The allegation against the commission from Mr Murdoch's competitors, including the owners of this paper, is that it allowed him to threaten his rivals' future by "dumping" the Times on the quality-newspaper market at 20p. The huge losses the Times sustained - estimated at pounds 40m a year - were then passed around his group.

The commission did not blink an eyelid. This was not a surprise: it hardly ever intervenes. After a year in which it allowed the City to make pounds 500m from fees for giving advice on takeovers, cynics suggest it would have approved Hitler's invasion of Poland as a legitimate expression of the free market in military force.

But Mrs Beckett's office gave no hint that a reformed MMC would trouble Mr Murdoch. "I'm not being evasive, but newspapers are the responsibility of Jack Cunningham at National Heritage," said a spokesman for her office. "Obviously we've got an interest, but we've really got nothing to say."
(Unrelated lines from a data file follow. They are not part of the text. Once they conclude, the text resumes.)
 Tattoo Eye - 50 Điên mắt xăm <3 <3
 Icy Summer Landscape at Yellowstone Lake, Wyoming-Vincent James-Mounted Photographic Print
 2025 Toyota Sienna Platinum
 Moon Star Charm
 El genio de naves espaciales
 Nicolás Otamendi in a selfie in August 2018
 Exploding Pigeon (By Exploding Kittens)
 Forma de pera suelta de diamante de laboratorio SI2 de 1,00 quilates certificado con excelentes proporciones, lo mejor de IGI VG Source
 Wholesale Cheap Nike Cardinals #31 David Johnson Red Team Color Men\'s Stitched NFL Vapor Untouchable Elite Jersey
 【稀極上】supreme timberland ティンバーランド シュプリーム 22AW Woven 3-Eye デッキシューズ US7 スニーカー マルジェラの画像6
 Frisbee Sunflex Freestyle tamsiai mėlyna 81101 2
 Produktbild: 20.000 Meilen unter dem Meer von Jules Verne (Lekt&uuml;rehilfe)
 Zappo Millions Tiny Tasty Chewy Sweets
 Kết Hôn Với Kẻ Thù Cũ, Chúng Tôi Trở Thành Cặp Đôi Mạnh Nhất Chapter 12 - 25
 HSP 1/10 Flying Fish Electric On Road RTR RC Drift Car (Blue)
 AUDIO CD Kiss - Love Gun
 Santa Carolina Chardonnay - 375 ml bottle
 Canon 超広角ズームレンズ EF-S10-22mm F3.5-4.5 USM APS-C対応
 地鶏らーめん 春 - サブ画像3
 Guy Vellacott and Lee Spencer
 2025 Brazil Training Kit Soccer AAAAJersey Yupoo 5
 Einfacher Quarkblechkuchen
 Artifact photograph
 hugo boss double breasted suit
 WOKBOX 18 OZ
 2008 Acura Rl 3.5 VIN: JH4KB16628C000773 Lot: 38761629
Neither had Mr Cunningham. "We're waiting to see what the Government does in its Broadcasting Bill," explained a researcher. "Jack hasn't really formulated his ideas yet. I'll get him to give you a call." Mr Cunningham did not call.

The only Labour frontbencher prepared to take a firm line was Tom Pendry, the shadow Sports Minister. He had "a number of reservations" about the way that BSkyB was buying up the great national sporting events and forcing viewers to pay for the privilege of watching them. He promised that a Labour government would set up a task force to investigate the problem.

Mr Pendry should be careful. Earlier this month, Richard Caborn, Labour's spokesman on competitiveness, called on the Government to investigate the "serious threat to the development of the UK broadcast industry" posed by Mr Murdoch's pay-TV monopoly. He was instantly slapped down by John Prescott, Labour's deputy leader, who said Mr Caborn was not reflecting party policy.

As we were passed from office to office, one name kept coming up. Speak to Alistair Darling, said the aides to Mr Brown, Mr Cunningham and Mrs Beckett. He is the party's authoritative voice on Mr Murdoch and tax.

We finally tracked the well-regarded spokesman on City affairs to his Edinburgh office. Was he prepared to say if a Labour government would force Mr Murdoch to pay more tax?

"Up to a point,'' came the shy reply. "You see, we haven't seen Murdoch's accounts. We don't have anything to go on. In a global economy, all companies can secure tax advantages by moving funds around."

Sceptics suggest that Labour's coyness is motivated by a desire not to offend the world's most powerful media magnate. They cite as evidence Tony Blair's visit to Australia to address News International executives and the party's refusal to condemn Mr Murdoch's closure of the Labour- supporting Today newspaper, even though there was a willing buyer.

But Mr Darling said that the party was concerned with loftier ideals. "You can't be subjective. You must never design a tax system to get at one person. It is a matter of fundamental principle."